• _EXERCISE DIRECTIONS_
Return every line of the data below exactly, but do not include the images.

• _INFORMATION SUPPLIED_
···
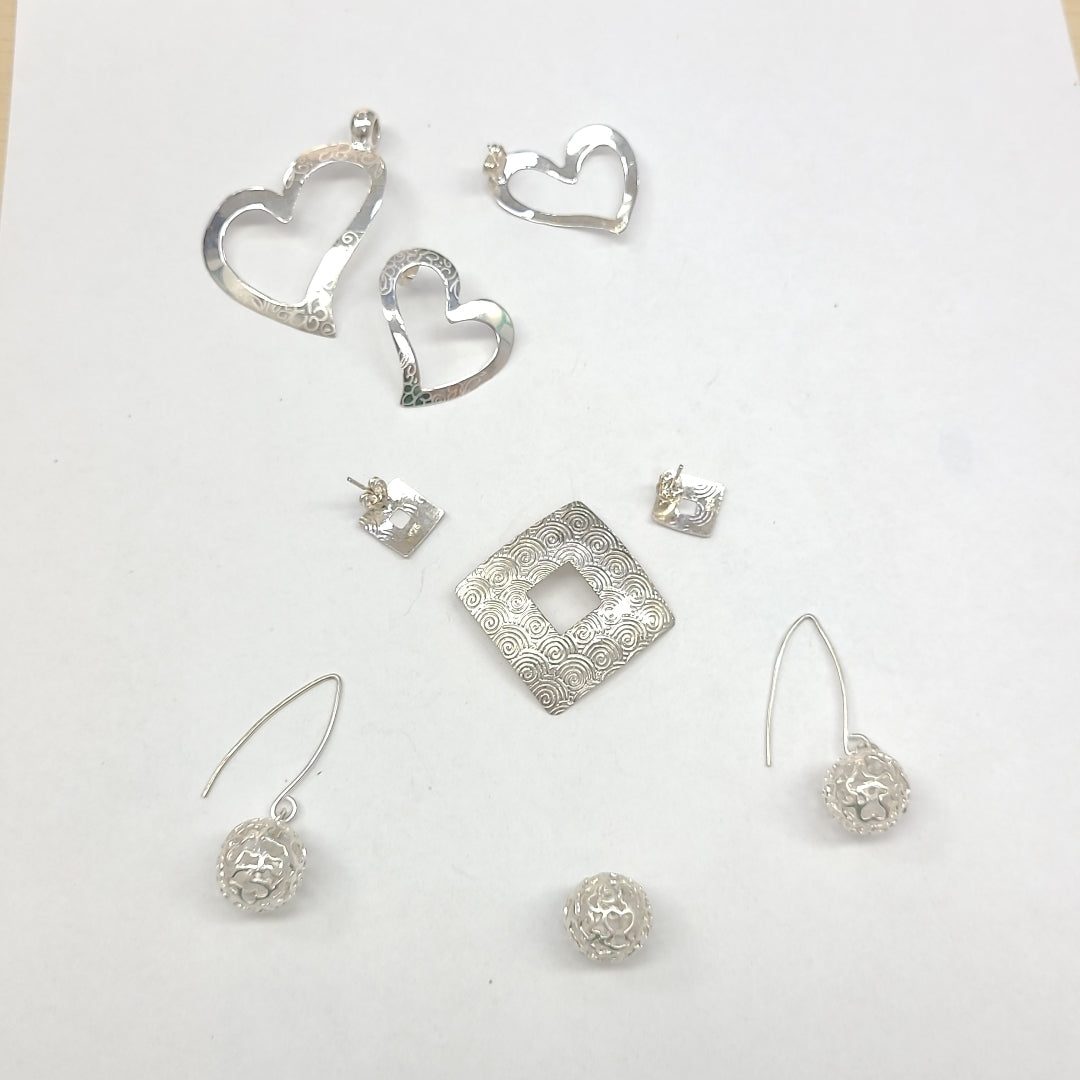 ARETES PAR, DIJE PLATA 44.1 GRMS (SEMINUEVO)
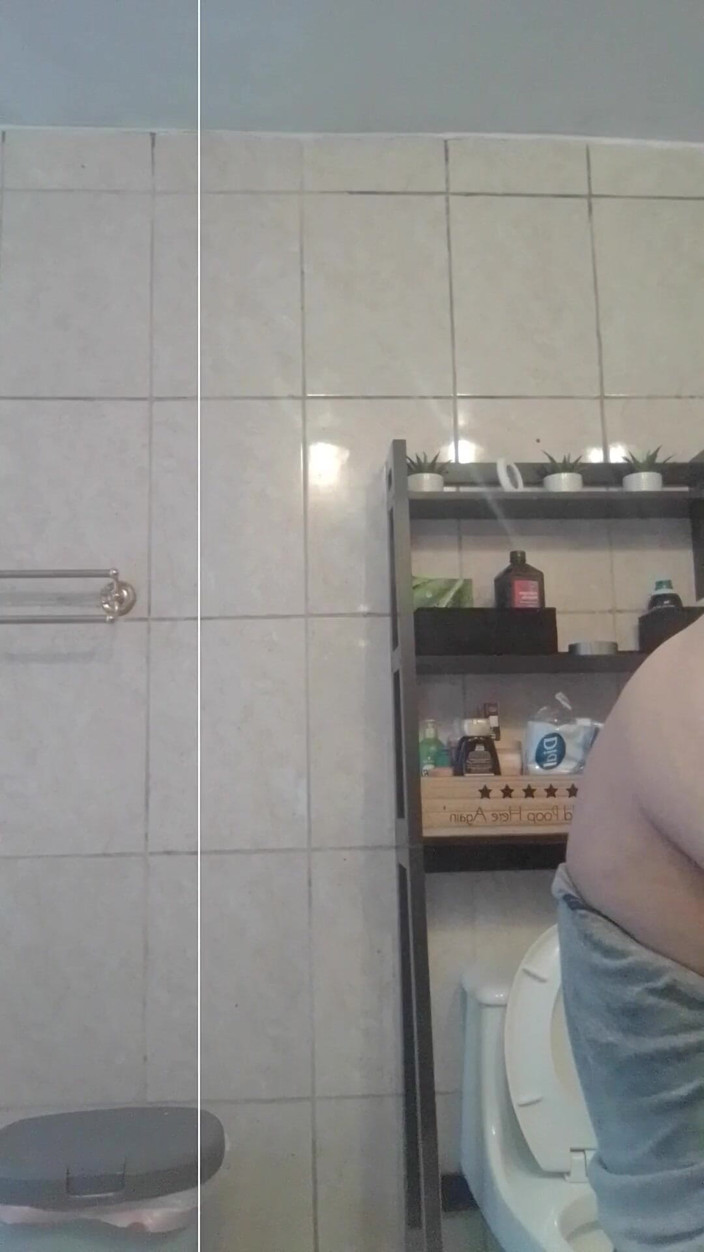 Chubbytits16: 이 처녀 통통한 남자를 아무도 원하지 않아서 나 자신과 놀고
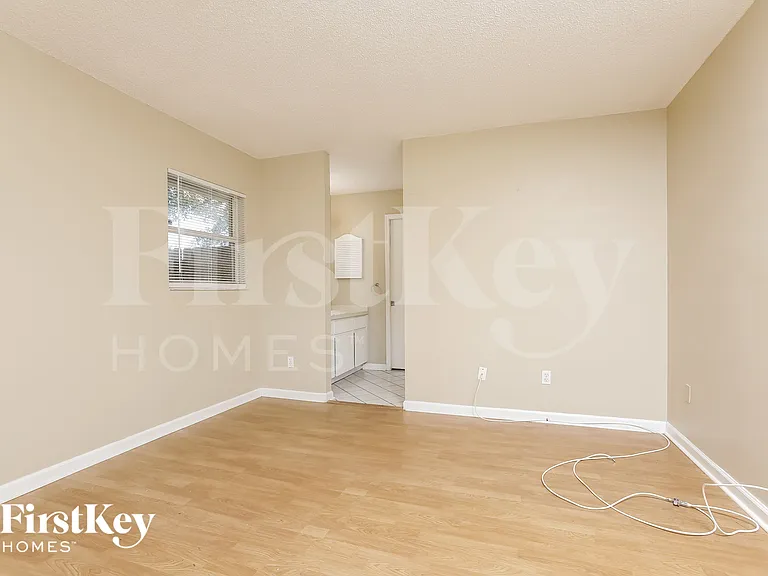 240 Donegal Ave — Photo 8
···
• _RESULT_
 ARETES PAR, DIJE PLATA 44.1 GRMS (SEMINUEVO)
 Chubbytits16: 이 처녀 통통한 남자를 아무도 원하지 않아서 나 자신과 놀고
 240 Donegal Ave — Photo 8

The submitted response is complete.